I’ve posted many times about the considerable value of open standards for real-time transit data. While it’s always best if a transit authority offers its own feeds using open standards like GTFS-realtime or SIRI, converting available real-time data from a proprietary API into an open format still gets the job done. After a few months of kicking the problem around, I’ve finally written a tool to produce GTFS-realtime StopTimeUpdate, VehiclePosition, and Alert messages for Metrobus, as well as GTFS-realtime Alert messages for Metrorail.
wmata-gtfsrealtime, isn’t nearly as straightforward as it might be, because while the WMATA API appears to provide all of the information you’d need to create a GTFS-realtime feed, you’ll quickly discover that the route, stop, and trip identifiers returned by the API bear no relation to those used in WMATA’s GTFS feed.

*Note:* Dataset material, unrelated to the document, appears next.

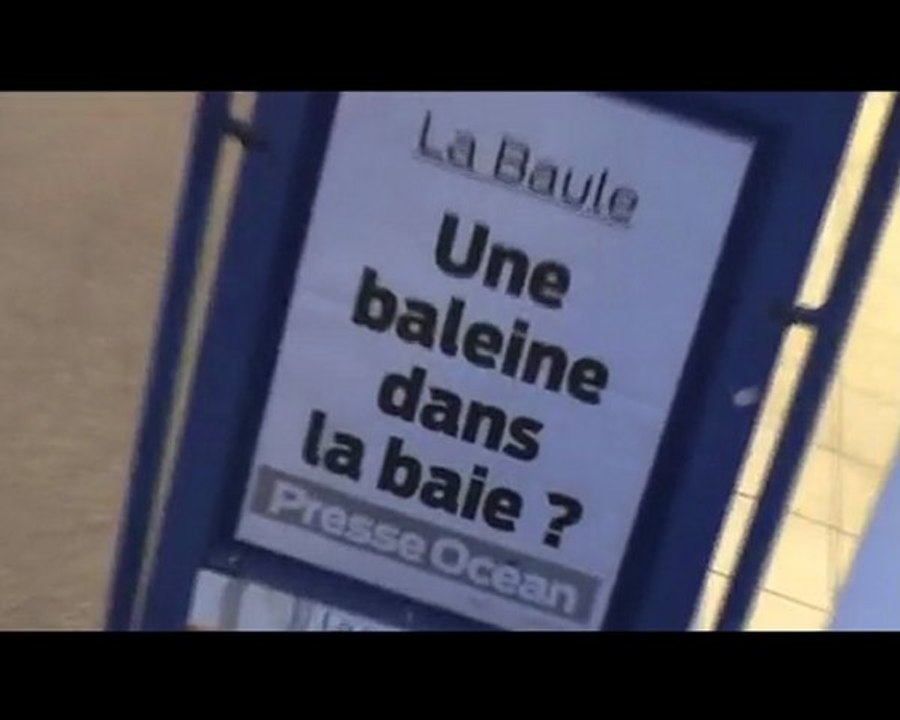 Une baleine dans la baie 2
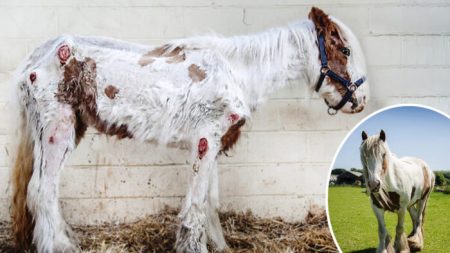 Un poney gravement negligé et agonisant, se rétablit de façon remarquable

One of the basic tenets of GTFS-realtime is that it is designed to directly integrate with GTFS, and for that reason identifiers must be shared across GTFS and GTFS-realtime feeds.

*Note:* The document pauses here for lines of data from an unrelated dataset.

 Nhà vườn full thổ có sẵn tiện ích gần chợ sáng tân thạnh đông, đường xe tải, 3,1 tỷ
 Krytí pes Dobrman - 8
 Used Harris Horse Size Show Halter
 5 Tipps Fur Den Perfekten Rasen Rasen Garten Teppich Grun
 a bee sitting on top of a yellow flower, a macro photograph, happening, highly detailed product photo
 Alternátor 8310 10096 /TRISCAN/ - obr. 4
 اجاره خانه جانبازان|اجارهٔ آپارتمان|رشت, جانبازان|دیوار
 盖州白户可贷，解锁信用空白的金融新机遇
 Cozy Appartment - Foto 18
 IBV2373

In WMATA’s case, this means that it is necessary to first map routes in the API to their counterparts in the GTFS feed, and then, for each vehicle, map its trip to the corresponding trip in the GTFS feed. This is done by querying a OneBusAway
TransitDataService (via Hessian remoting) for active trips for the mapped route, then finding the active trip which most closely matches the vehicle’s trip.
Matching is done by constructing a metric space in which the distance between a stoptime in the API data and its counterpart in the GTFS feed is defined as an (x, y, t) tuple—that is, our notion of “distance” becomes distance in both space and time. The distances fed into the metric are actually halved, in order to bias the scores towards matching based on time, while allowing some leeway for stops which are wrongly located in either the GTFS or real-time data.

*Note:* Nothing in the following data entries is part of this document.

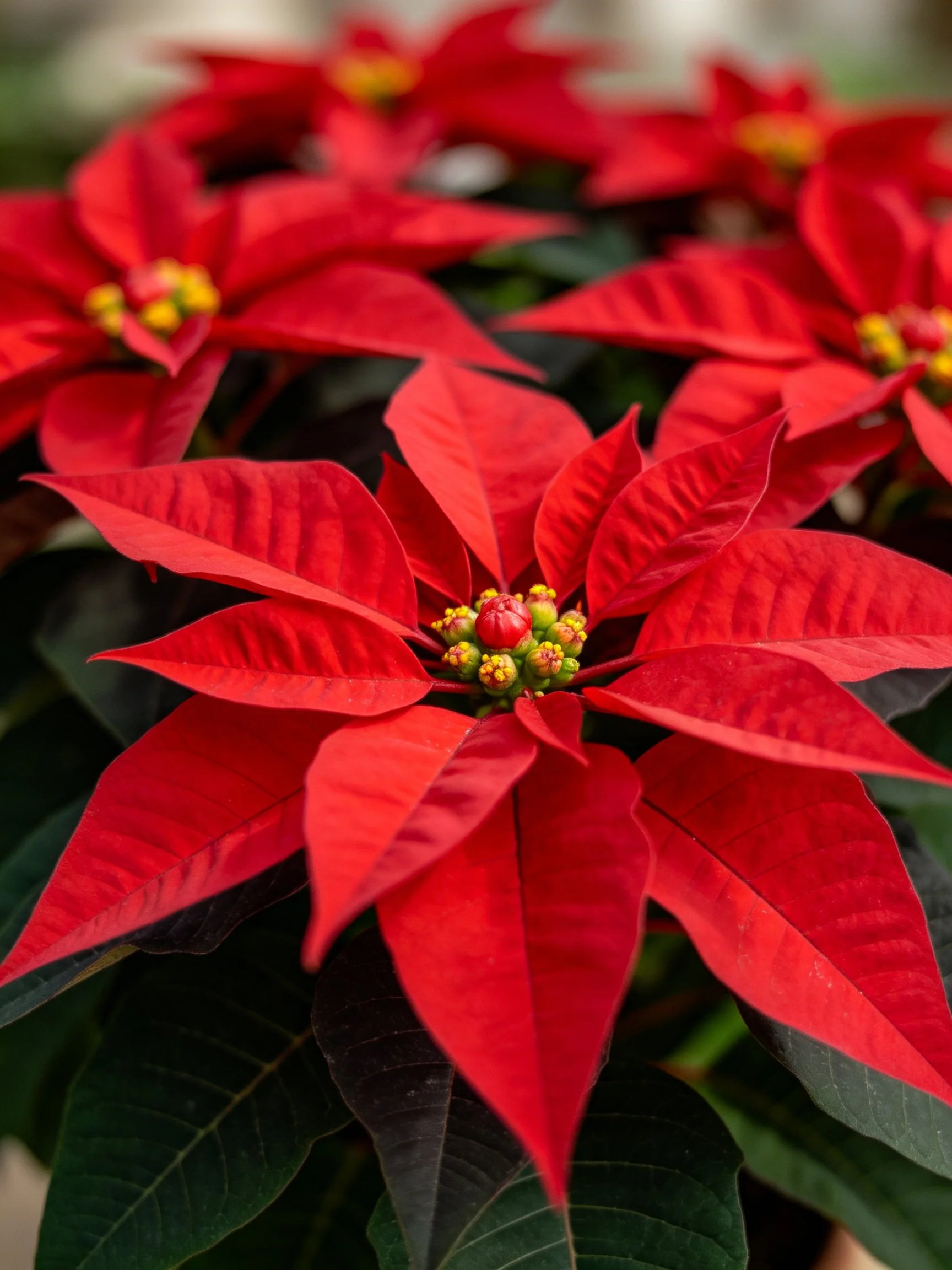 Multiple vibrant red poinsettias with yellow-green centers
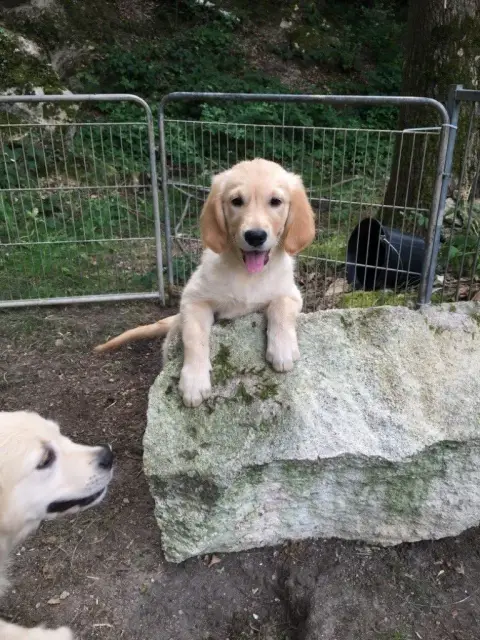 Golden Retriever  Chiot N°11 Des Marais De Courmont e5e43 photo 3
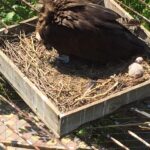 В зоопарке в Ялте вылупился редкий черный гриф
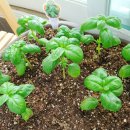 스위트허브 이미지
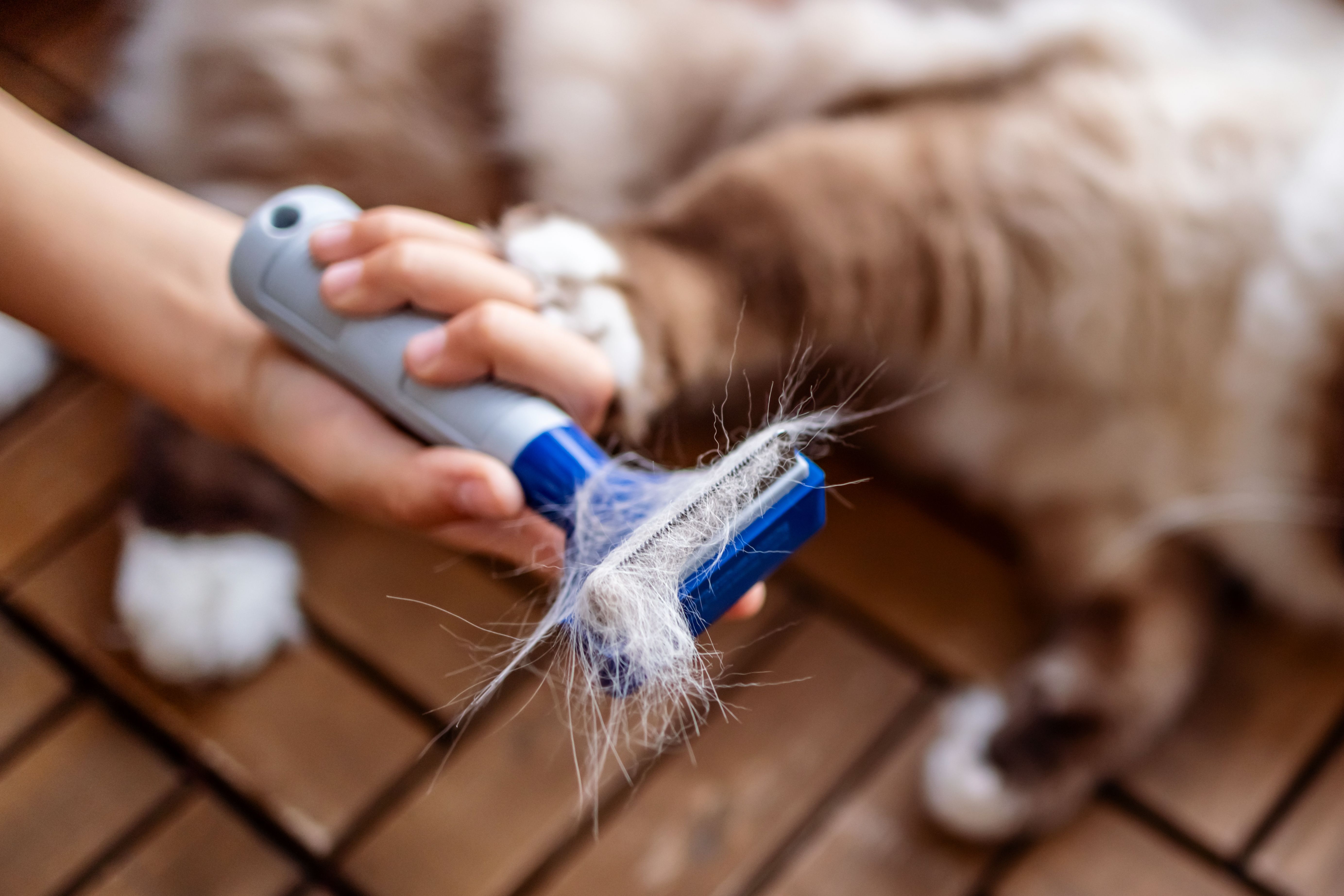 pet brushing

The resulting algorithm will map all but one or two of the 900-odd vehicles on the road during peak hours. Spot-checking arrivals for stops in OneBusAway against arrivals for the same stop in NextBus shows relatively good agreement; of course, considering that NextBus is a “black box”, unexplained variances in NextBus arrival times are to be expected.
You may wonder why we can’t provide better data for Metrorail; the answer is simple: the API is deficient. As I’ve previously discussed, the rail API only provides the same data you get from looking at the PIDS in stations. Unfortunately, that’s not what we need to produce a GTFS-realtime feed. At a minimum, we would need to be able to get a list of all revenue trains in the system, including their current schedule deviation, and a trip ID which would either match a trip ID in the GTFS feed, or be something we could easily map to a trip ID in the GTFS feed.
This isn’t how it’s supposed to be. Look at this diagram, then, for a reality check, look at this one (both are from a presentation by Jamey Harvey, WMATA’s former Enterprise Architect). WMATA’s data management practices are, to say the least, sorely lacking. For most data, there’s no single source of truth. The problem is particularly acute for bus stops; one database might have the stop in one location and identified with one ID, while another database might have the same physical stop identified with a different number, and coordinates that place it in an entirely different location.
Better data management practices would make it easier for developers to develop innovative applications which increase the usability of transit services, and, ultimately improve mobility for the entire region. Isn’t that what it’s supposed to be about, at the end of the day?